Given information –
◇ ◇ ◇
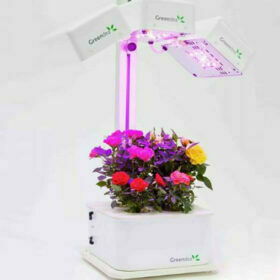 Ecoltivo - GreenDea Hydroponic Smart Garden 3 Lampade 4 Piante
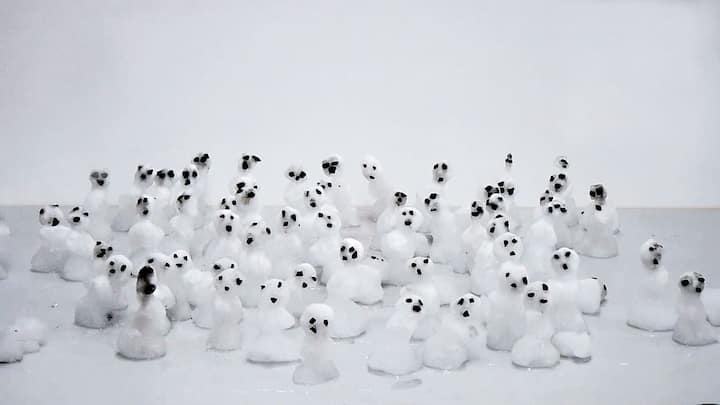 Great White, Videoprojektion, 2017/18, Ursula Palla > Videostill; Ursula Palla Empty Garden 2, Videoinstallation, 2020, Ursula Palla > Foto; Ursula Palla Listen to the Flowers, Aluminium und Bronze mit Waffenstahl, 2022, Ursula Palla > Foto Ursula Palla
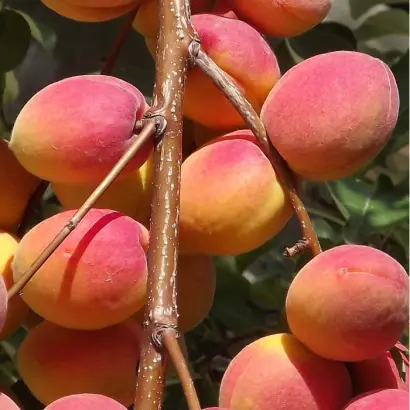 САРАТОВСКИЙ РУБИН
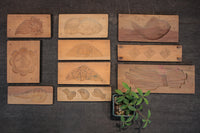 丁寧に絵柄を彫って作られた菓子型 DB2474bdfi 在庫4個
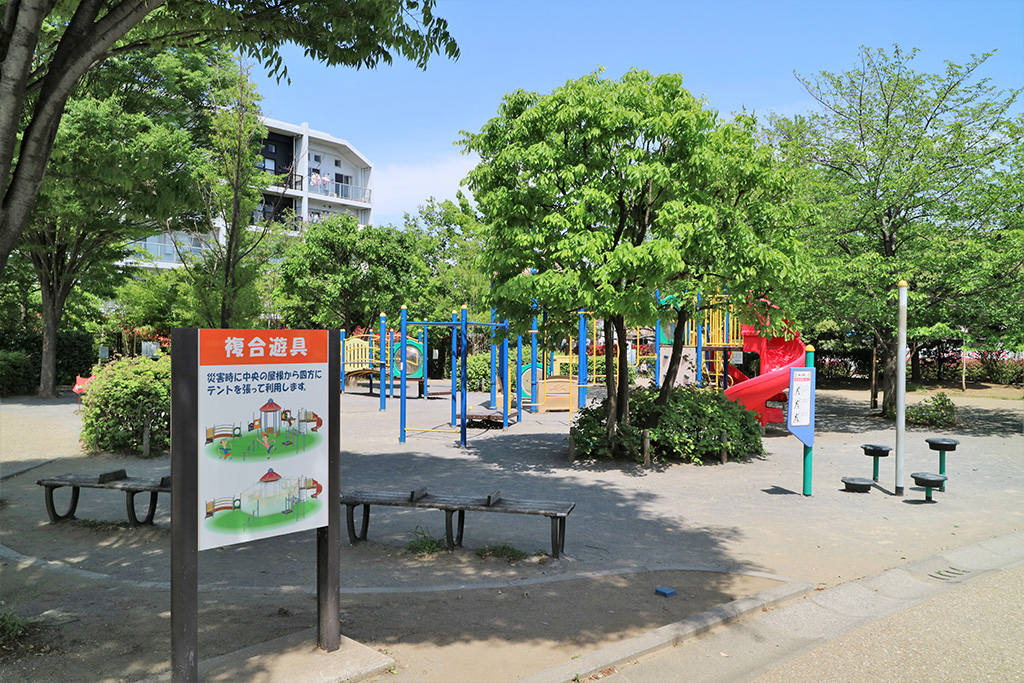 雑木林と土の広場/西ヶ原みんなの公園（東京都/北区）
◇ ◇ ◇
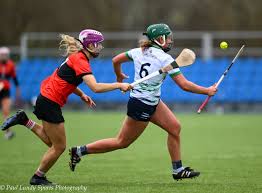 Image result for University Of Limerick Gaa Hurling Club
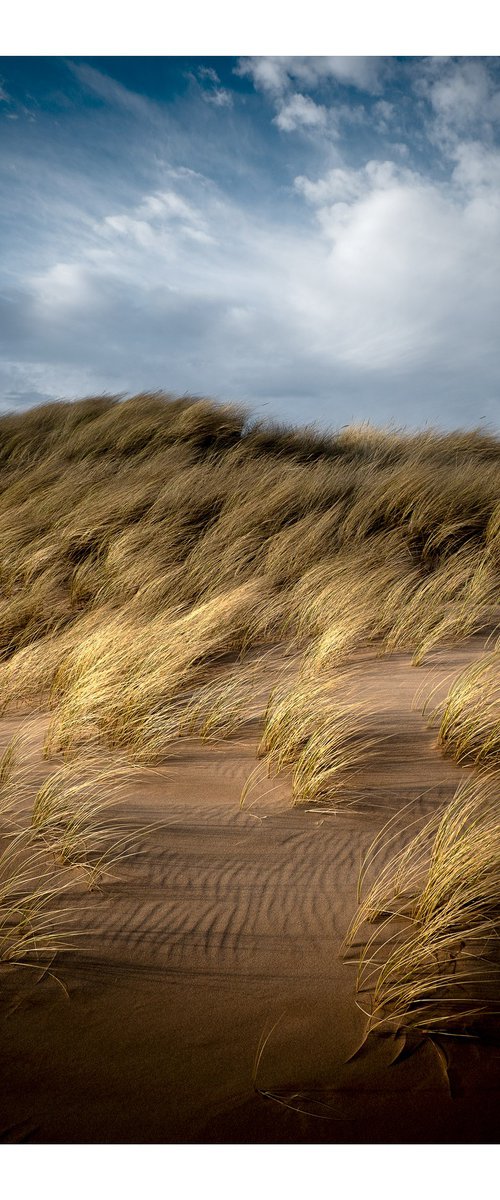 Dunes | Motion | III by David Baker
◇ ◇ ◇
Task – Working from the data above, repeat exactly, and only, the lines that begin at the line containing "Great White, Videoprojektion, 2017/18, Ursula" and stop after the line containing "雑木林と土の広場/西ヶ原みんなの公園（東京都/北区）"; pictures are not copied.

Result below –
 Great White, Videoprojektion, 2017/18, Ursula Palla > Videostill; Ursula Palla Empty Garden 2, Videoinstallation, 2020, Ursula Palla > Foto; Ursula Palla Listen to the Flowers, Aluminium und Bronze mit Waffenstahl, 2022, Ursula Palla > Foto Ursula Palla
 САРАТОВСКИЙ РУБИН
 丁寧に絵柄を彫って作られた菓子型 DB2474bdfi 在庫4個
 雑木林と土の広場/西ヶ原みんなの公園（東京都/北区）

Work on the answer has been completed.